For A Raisin in the Sun, I had students keep director's post-it notes, five directions for the characters per scene for reader's theater the next day. It was a bit messy, and a family emergency interrupted the flow, but I, for one, liked it better than the quizzes.
For An Ordinary Man, the memoir we're starting this week, though, post-its and Kahoots seem a little too tedious and haphazard. And it would take a lot of maneuvering to get those strategies to connect to the deep issues I really want to touch on.
So I set up a Google Community to address each of the quotes that spoke to me on my first read through. I had highlighted quotes on my Kindle app and added notes for questions I could ask students to help them connect the reading to their lives. I copied these quotes and question notes to a Google Doc broken up by chapter so that I could copy them onto separate topic sections in the Google Community and let students choose which of them spoke to them.
- Create a Google Community with the title of the book and/or movie you are focusing on.
- Upload a picture of the book for the Community picture and add a tagline about the book and movie.
- Make a discussion topic for each chapter with the due date in the topic titles.
- Make a discussion topic for each day you will be viewing the movie in class.

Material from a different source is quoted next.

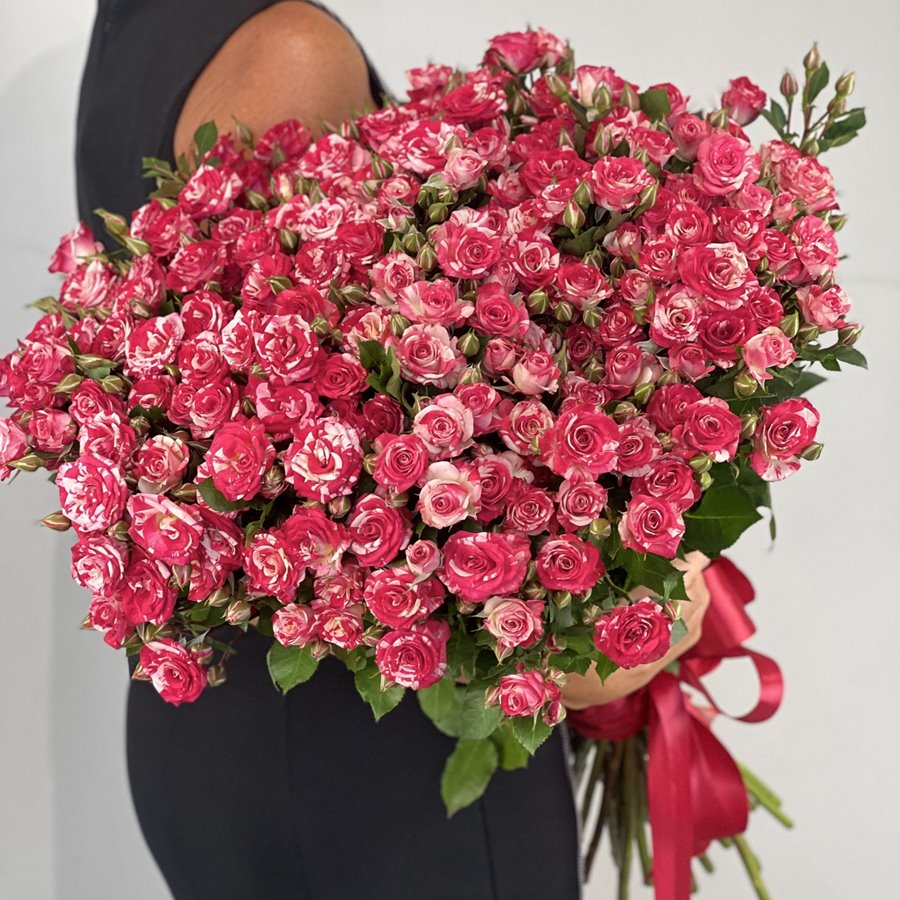 25 кустовых роз Фаерворкс 70 см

- Add discussion topics for important focal points of the unit. (I made a topic each for Setting and Narration, the two literary elements that will be the focus of our film/book study for this unit.)

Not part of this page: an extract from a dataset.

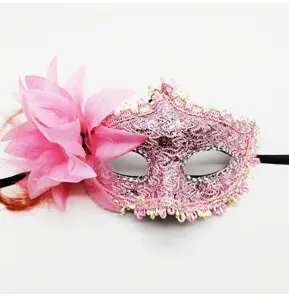 Rosa spitze maskerade maske mit blume und glitzer details für party performance kostüm.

- Add links to due date calendars, class blogs, or other pages students can refer to for more information.
- Save the community and invite all of the students from your class (incidentally, they didn't have Google Plus set up on their school accounts, so it was handy that I had their personal addresses from working with this particular group for the past 2 years.)
- Add directions for posting in the "About this community" section, for example:
Choose 5 prompts to respond to with at least 3 sentences each for each night's reading. If the reading is over 2 chapters, be sure to choose prompts from both.

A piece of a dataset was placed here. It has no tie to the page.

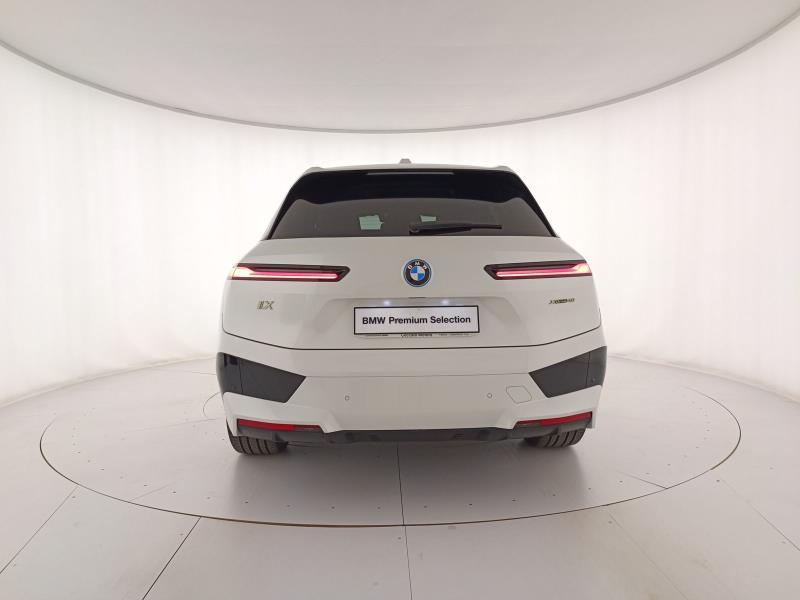 BMW iX xdrive40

- Open the first chapter's discussion topic and add the LAST question from that chapter for your first post.
- Add posts in reverse order up to the first question from the first chapter ending with a post asking for an overall reflection on the chapter (perhaps with special emphasis on an important theme or literary element).
If these students had better access, I might make this homework, but as it is, reading assignments are already at least 20-30 pages a night, so this will be our warmup for the duration of the unit.